Nasab anak hasil fertilisasi In Vitro dari sperma mayat suami (studi terhadap status anak pasca Putusan Mahkamah Konstitusi No.46/PUU-VIII/2010 dengan pendekatan metode qiyas)
Daftar Isi:
- Fertilisasi in Vitro sebagai bentuk inovasi teknologi pada dasarnya tidak akan berbenturan dengan hukum Islam tatkala dilakukan tanpa mencederai nilai-nilai dasar Syari’ah. Namun jika dilakukan dengan menggunakan sperma mayat suami, tentulah akan menimbulkan masalah baru, khususnya perihal anak dan akibat hukumnya. Salah satu diantaranya adalah masalah nasab, yang merupakan titik kunci dari hubungan perdata seorang anak dengan orangtuanya. Oleh karena hal tersebut, maka fokus kajian ini dilakukan untuk menjawab, 1) Bagaimana status nasab anak hasil fertilisasi in vitro dari sperma mayat suami ditinjau menggunakan metode qiyas?, 2) Bagaimana status nasab anak tersebut setelah Putusan Mahkamah Konstitusi No. 46/PUU- VIII/2010? Jenis penelitian yang digunakan adalah penelitian kepustakaan (library research), teknik pengumpulan data yang digunakan adalah secara dokumentatif. Sumber data primernya yaitu: kitab Tuḥfat al-Ṭullāb bi Syarḥ Taḥrīr Tanqih al-Lubāb karya Zakaria Al-Anṣari dan Putusan Mahkamah Konstitusi No. 46/PUU-VIII/2010. Serta buku-buku terkait Fertilisasi in Vitro. Metode analisis data yang digunakan penulis adalah analitik-deskriptik-komparatif. Analitik ialah cara pandang yang penulis gunakan dalam memecahkan kasus hukum yang dirumuskannya karena fokus kajian belum dijelaskan secara definitif.

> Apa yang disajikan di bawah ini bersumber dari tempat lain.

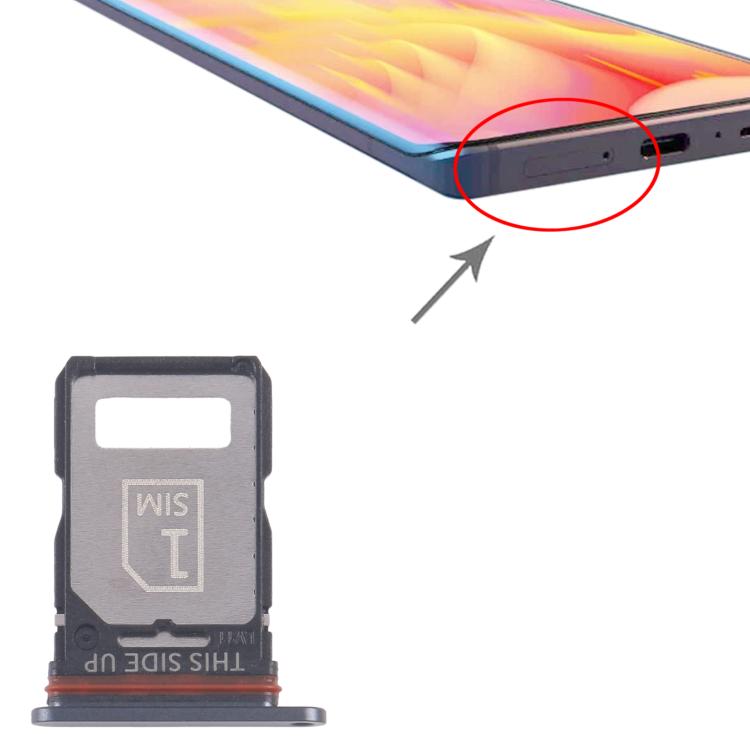 For Motorola Moto S30 Pro 10pcs Original SIM Card Tray + SIM Card Tray (Black) - Card Socket by buy2fix | Online Shopping UK | buy2fix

Deskriptik berarti menggambarkan secara tepat hasil analisis yang didapatkan dari penjabaran-penjabaran teori yang sudah ada. Komparatif ialah cara yang digunakan penulis untuk membandingkan hasil analisis keduanya. Hasil analisis dari penelitian ini menggambarkan bahwa, status nasab anak hasil fertilisasi in vitro dari sperma mayat suami, menurut pendekatan analogi terhadap konsep Nafkah terhadap wanita hamil dalam masa iddah wafat, tidak dapat dinasabkan kepada ayahnya, sehingga hanya dinisbatkan pada ibunya. Namun setelah Putusan Mahkamah Konstitusi No. 46/PUU-VIII/2010, maka hubungan keperdataan anak tersebut dapat dikaitkan kepada laki-laki sebagai ayah biologisnya selama dapat dibuktikan dengan ilmu pengetahuan dan teknologi dan atau alat bukti lain menurut hukum mempunyai hubungan darah, termasuk hubungan perdata dengan keluarga ayahnya. Namun keputusan ini tidak serta merta menolak dogma agama, jika ia mengaturnya.